Le reste de la société est en effet constitué par les cous noirs, des hommes et des femmes qui travaillent comme au Moyen-âge pour gagner de quoi échapper à la faim et au froid. Jean est un adolescent qui sort rapidement de l’enfance lorsqu’il suit son père pour travailler sur un domaine agricole. Il essaye néanmoins de poursuivre son apprentissage de la lecture (un crime pour un cou noir), mais le destin va bouleverser l’équilibre fragile de son univers et l’entraîner dans de folles aventures.
Pierre Bordage propose une uchronie qui décrit une société bipolaire : une haute société ayant accès au réseau informatisé, aux véhicules, au savoir, et le peuple, dont les conditions d’existence ressemblent à celle des ouvriers de la fin du 19ème siècle décrits par Zola. C’est un monde dur où la violence est omniprésente, et où le savoir, source de revendication, de révolte et de pouvoir, est devenu un enjeu mortel pour ceux qui s’y aventurent.

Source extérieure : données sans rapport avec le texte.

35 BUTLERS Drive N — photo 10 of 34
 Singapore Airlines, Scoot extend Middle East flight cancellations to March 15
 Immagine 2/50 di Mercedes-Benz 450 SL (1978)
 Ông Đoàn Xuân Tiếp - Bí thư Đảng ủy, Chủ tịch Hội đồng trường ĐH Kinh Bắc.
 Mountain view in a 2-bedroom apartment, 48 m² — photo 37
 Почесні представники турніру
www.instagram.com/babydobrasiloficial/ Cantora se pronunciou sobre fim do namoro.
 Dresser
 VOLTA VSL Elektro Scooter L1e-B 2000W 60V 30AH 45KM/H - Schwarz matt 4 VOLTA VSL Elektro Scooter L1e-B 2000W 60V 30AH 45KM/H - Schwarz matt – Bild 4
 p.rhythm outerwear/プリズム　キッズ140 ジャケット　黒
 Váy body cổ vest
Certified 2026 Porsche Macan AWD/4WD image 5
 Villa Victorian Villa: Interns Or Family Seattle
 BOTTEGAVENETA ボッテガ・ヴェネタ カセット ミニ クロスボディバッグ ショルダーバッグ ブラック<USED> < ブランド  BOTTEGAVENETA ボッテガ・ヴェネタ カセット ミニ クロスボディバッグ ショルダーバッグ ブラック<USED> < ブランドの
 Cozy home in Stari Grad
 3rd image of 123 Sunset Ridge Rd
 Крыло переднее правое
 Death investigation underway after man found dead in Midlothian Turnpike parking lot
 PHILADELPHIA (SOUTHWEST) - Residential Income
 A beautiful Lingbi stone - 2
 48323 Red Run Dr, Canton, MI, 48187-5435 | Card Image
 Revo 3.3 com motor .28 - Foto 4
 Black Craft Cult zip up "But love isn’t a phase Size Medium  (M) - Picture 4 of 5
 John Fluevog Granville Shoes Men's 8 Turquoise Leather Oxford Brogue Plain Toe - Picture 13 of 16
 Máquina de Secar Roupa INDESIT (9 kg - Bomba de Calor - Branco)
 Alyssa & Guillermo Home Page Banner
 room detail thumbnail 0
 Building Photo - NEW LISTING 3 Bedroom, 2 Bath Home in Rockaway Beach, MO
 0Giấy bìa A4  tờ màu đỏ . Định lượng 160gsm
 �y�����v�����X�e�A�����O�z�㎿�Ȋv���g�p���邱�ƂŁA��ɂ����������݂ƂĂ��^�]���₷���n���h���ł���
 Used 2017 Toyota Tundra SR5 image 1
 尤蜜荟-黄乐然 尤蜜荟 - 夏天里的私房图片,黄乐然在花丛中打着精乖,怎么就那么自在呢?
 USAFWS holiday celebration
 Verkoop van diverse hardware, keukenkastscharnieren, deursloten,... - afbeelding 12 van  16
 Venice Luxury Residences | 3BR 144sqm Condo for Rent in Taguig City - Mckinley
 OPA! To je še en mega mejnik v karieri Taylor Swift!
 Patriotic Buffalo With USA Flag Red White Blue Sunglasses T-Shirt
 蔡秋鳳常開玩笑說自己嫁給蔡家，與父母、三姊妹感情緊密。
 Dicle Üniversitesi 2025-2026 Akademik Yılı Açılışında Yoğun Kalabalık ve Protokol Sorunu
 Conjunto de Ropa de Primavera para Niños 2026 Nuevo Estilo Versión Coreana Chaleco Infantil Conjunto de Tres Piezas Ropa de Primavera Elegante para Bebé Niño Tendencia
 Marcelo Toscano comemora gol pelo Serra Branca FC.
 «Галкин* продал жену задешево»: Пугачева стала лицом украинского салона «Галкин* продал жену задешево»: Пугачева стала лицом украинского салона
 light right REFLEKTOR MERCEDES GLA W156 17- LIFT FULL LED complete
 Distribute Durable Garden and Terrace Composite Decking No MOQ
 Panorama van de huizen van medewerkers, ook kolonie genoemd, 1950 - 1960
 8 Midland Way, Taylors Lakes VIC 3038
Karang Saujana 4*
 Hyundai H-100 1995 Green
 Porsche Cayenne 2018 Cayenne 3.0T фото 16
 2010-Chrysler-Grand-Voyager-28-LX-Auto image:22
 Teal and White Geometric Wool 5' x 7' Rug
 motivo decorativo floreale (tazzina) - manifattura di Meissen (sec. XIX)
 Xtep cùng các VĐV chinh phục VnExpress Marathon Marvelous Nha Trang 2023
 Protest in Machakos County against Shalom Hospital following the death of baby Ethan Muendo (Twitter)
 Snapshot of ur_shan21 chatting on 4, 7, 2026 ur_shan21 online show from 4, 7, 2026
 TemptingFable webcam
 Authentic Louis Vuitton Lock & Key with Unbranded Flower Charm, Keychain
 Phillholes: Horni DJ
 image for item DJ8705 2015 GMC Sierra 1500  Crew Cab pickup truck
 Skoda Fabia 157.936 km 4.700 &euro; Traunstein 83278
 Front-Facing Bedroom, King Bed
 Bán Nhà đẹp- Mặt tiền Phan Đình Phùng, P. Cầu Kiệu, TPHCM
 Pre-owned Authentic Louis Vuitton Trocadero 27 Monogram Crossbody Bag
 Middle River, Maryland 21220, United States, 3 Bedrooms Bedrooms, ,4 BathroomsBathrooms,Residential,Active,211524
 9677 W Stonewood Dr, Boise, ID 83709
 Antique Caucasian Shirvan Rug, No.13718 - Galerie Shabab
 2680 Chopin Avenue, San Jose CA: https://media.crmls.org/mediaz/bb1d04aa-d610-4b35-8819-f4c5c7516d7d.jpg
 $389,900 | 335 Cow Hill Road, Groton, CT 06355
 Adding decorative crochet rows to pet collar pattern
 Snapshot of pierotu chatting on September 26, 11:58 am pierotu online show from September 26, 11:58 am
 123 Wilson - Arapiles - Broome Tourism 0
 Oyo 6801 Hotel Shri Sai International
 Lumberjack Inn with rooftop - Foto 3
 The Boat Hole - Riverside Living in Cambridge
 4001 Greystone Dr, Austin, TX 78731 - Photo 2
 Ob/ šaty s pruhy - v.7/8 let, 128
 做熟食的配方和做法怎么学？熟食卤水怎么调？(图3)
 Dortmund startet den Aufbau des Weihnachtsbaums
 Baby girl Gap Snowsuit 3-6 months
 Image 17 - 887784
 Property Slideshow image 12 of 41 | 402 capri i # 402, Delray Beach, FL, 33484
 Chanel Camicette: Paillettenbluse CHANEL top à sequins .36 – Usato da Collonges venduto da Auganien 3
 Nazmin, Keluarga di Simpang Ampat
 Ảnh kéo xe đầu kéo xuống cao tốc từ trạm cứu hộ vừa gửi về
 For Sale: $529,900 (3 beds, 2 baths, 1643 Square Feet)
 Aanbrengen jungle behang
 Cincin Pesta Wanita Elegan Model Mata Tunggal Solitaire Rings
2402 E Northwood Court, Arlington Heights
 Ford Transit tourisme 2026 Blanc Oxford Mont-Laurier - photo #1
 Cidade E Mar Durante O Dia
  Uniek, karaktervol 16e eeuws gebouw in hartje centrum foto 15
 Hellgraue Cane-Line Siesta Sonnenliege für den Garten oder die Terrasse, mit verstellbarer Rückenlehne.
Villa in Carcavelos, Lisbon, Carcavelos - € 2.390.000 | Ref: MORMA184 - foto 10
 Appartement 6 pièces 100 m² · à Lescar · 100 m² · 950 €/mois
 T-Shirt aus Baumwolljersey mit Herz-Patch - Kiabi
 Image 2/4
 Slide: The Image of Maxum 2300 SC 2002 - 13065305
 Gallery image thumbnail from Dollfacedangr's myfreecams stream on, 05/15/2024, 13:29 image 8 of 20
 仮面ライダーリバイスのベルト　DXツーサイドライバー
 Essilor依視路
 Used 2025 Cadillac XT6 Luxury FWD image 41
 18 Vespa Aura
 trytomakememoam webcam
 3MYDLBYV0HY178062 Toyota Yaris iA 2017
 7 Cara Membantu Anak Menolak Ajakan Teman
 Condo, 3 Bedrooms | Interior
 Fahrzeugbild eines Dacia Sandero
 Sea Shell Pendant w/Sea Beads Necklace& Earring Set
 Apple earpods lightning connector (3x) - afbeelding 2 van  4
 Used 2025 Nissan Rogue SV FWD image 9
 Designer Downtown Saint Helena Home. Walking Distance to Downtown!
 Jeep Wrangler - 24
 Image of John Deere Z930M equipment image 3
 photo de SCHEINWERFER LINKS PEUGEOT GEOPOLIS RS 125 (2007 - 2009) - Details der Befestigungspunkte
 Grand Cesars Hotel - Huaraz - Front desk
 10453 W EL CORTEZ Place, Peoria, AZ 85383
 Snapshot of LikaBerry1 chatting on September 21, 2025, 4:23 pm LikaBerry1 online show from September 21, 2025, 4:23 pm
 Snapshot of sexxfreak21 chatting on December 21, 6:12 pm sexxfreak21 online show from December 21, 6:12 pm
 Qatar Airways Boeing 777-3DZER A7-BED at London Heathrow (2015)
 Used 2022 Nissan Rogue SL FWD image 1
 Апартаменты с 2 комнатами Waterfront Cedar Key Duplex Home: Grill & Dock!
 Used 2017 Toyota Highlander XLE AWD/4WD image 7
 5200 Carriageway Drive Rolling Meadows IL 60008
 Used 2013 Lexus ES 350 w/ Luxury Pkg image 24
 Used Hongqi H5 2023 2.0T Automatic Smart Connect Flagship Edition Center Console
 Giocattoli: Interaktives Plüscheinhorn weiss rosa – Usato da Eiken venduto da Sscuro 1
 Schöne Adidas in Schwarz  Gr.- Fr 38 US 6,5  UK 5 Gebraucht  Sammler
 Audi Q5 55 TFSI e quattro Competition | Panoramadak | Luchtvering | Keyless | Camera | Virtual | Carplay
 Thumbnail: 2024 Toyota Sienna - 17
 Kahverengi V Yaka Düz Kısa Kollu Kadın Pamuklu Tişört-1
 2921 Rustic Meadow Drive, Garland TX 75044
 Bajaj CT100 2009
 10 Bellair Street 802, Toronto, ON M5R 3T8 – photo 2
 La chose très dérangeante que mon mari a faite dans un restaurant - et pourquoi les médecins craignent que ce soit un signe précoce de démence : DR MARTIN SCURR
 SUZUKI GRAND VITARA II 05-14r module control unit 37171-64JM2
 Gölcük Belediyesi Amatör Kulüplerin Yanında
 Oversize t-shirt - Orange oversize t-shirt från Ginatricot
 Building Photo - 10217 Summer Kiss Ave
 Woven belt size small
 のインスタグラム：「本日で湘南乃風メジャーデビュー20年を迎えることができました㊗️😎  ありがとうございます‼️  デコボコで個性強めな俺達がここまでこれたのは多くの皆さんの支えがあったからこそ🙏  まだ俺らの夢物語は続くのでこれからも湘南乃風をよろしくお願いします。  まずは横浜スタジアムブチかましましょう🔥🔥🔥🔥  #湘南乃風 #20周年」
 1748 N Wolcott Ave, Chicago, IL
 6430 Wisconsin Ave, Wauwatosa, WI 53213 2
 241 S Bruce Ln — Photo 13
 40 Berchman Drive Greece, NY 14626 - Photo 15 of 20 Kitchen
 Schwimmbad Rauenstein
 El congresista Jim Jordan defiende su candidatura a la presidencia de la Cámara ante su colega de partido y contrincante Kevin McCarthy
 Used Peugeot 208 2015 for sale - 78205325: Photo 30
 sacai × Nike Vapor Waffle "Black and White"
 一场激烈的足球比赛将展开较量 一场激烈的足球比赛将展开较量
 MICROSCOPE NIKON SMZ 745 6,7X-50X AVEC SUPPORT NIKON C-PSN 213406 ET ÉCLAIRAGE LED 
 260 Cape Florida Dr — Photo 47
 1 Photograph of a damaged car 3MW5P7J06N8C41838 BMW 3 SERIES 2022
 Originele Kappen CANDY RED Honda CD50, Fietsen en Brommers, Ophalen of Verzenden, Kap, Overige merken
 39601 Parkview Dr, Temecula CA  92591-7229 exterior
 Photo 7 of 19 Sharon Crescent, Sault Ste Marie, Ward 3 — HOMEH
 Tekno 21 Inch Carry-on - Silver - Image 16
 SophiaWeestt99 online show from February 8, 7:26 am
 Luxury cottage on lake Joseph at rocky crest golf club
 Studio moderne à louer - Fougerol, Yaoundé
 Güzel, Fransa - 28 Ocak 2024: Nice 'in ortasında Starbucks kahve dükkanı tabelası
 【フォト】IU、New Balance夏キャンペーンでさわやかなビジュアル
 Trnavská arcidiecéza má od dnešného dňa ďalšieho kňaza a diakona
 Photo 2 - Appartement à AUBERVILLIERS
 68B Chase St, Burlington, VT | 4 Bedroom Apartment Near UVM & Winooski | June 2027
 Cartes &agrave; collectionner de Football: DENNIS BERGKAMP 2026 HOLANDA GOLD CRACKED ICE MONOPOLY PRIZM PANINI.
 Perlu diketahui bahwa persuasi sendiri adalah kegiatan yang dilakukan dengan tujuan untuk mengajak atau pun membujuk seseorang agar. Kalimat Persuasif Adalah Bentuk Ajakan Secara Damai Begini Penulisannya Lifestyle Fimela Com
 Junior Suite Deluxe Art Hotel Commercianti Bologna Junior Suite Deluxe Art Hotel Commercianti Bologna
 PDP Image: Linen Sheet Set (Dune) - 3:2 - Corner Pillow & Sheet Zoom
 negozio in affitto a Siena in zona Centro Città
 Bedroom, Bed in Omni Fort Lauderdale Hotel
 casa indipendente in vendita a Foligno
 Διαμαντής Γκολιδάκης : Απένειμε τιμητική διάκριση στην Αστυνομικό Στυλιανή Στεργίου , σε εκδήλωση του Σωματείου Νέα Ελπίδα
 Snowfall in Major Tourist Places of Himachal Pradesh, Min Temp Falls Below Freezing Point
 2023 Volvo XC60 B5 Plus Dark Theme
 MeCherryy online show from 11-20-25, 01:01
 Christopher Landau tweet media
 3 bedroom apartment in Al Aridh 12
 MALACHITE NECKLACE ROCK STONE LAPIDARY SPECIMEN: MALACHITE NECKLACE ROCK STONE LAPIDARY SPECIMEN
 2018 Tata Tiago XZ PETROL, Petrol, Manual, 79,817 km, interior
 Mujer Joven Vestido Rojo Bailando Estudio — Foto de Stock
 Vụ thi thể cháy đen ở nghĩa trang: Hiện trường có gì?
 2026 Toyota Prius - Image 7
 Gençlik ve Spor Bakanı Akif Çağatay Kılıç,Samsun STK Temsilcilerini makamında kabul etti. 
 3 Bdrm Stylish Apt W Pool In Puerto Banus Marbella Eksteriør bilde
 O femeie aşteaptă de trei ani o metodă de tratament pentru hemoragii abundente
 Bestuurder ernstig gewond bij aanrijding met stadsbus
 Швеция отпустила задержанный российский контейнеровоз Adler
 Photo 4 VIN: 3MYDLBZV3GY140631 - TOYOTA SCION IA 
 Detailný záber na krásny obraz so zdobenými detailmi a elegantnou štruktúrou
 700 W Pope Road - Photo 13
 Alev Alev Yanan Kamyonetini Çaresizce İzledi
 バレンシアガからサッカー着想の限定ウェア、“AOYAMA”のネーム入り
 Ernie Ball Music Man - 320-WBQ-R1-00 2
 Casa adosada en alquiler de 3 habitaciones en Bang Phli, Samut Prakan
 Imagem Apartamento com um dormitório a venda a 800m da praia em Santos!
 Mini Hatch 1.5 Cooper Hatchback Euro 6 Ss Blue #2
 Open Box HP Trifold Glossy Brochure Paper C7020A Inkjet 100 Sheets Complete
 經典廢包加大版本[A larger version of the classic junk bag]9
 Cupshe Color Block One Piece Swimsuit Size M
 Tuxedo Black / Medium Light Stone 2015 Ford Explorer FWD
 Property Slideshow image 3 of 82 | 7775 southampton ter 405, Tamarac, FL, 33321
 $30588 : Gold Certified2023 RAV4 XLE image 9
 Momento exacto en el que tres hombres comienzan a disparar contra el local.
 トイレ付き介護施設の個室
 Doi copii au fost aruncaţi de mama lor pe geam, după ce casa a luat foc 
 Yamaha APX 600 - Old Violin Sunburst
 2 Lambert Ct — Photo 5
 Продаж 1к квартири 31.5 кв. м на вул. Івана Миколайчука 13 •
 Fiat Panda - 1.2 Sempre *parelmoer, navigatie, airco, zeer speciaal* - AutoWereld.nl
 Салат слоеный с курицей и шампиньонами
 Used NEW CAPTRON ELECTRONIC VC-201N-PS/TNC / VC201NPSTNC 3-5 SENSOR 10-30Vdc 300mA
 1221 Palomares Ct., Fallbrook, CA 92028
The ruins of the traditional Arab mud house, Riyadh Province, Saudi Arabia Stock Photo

Le récit ne souffre d’aucun temps mort et les rebondissements se succèdent à un rythme échevelé, soutenu par une écriture juste et efficace. Le récit tend vers la chronique, l’auteur s’attachant à rester neutre dans la présentation des événements, même s’il termine sur une note (ténue) d’espérance pour les héros. Ce très beau texte fait réfléchir à l’évolution de la société moderne dans laquelle il a été écrit, et interroge sur sa véritable nature : uchronie ou anticipation ?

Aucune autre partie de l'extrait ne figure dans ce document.